Email use is growing. In 2007, Statistics Canada reported that 81% of private sector enterprises made use of electronic mail, compared with only 53% in 1999. From internal meeting requests, to distribution of documents and general conversations, email has to a large degree replaced not only traditional written correspondence, but also in-person and telephone communication. It permits geographically dispersed offices to communicate and allows employees to work from offsite locations.

Although email may be one of the most important business technology advances since the invention of the telephone, the growing use and abuse of this medium of communication raises a number of critical issues for businesses. From an employment law perspective, employers must consider what steps they can take to be protected from an employee’s improper use of its email system. From a risk management perspective, employers must consider how policies regarding the storage and retrieval of corporate email will facilitate records management goals and assist the corporation in defending or pursuing future litigation.

Employment Considerations

Email has become the primary means of communication between employees in many workplaces and access is as necessary as having a telephone at one’s desk. However, most employees don’t worry that their telephone calls are being recorded, or that every word of a telephone conversation is preserved, word for word, as a public record, forever. With email, perhaps employees ought to think that way.

Although most employers don’t monitor every single email that employees send any more than they would record every telephone call made, most employers do monitor email usage at least to a limited extent. Many employers warn their employees that emails can never be considered private because they can be forwarded publicly so readily, or transmitted in error to unwanted recipients. Employers have the right to monitor emails, and in some settings they are monitored extensively. In addition, employers have an interest in ensuring that employees use their email access primarily for work – especially during working hours.

Inappropriate email exchanges have resulted in discipline or termination of employees on the basis of just cause. It is obvious that forwarding sexist, degrading or pornographic jokes or internet sites can be grounds for summary dismissal. But also, employees who think they are sending privately-held negative views about their colleagues or supervisors might soon find their views are known to management – and viewed as insubordinate. Employers do have the right to react to these emails: they are never really private in the way that most of us expect conversation to be private.

It is difficult for employers to monitor what their employees do with information they are given over “intranet” or email system. There are so many ways “download” or transmit information that proprietary information like client lists, quotes or proposals or other valuable information can hardly be considered private if is distributed broadly over an email system. Employers should therefore also be cautious about the manner which confidential information is provided to employees. Email may not be a suitable tool for retaining transmitting highly sensitive or valuable information.

Records Management Considerations

Systems for managing record keeping are not new. What is changing is the way we keep records. The growing use of email and other computerized documents requires businesses to manage large quantities of records that are stored in a variety of different formats; including magnetic tapes, diskettes, hard drives, hand-held devices such as the Blackberry®, as well as the traditional paper document.

Companies must follow legal and regulatory requirements that dictate retention periods for certain documents, whether in paper or electronic form. Storage of certain types of corporate records must also comply with privacy laws.
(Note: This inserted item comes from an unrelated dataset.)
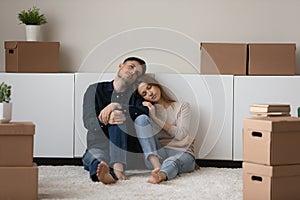 Upset spouses leave house sit on floor near cardboard boxes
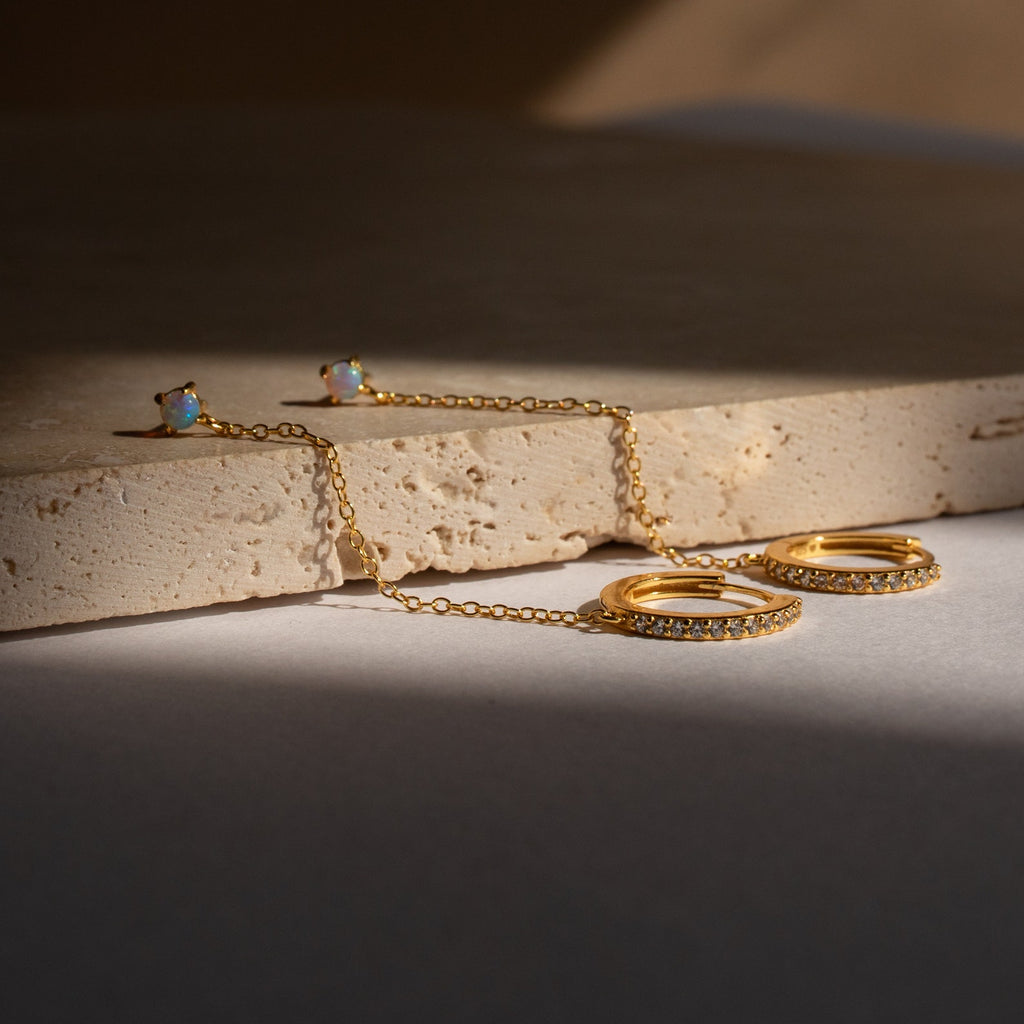 The Opal Stud & Pave Hoop Earrings, featuring gold hoops with small stones and a delicate chain, are displayed on a textured beige stone—versatile accessories perfect for any occasion.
Enforcing corporate practices over record keeping, retention and destruction policies, and instituting appropriate security measures at each stage of records management will ensure the integrity of electronic records and protect corporate networks from internal and external attack. A well-developed records management program is the key to proving the authentication of such records should the corporation subsequently become involved in litigation. Because electronic records are more susceptible to corruption, tampering, forgery and unauthorized interception than paper records, it is important for organizations to ensure that security procedures are in place.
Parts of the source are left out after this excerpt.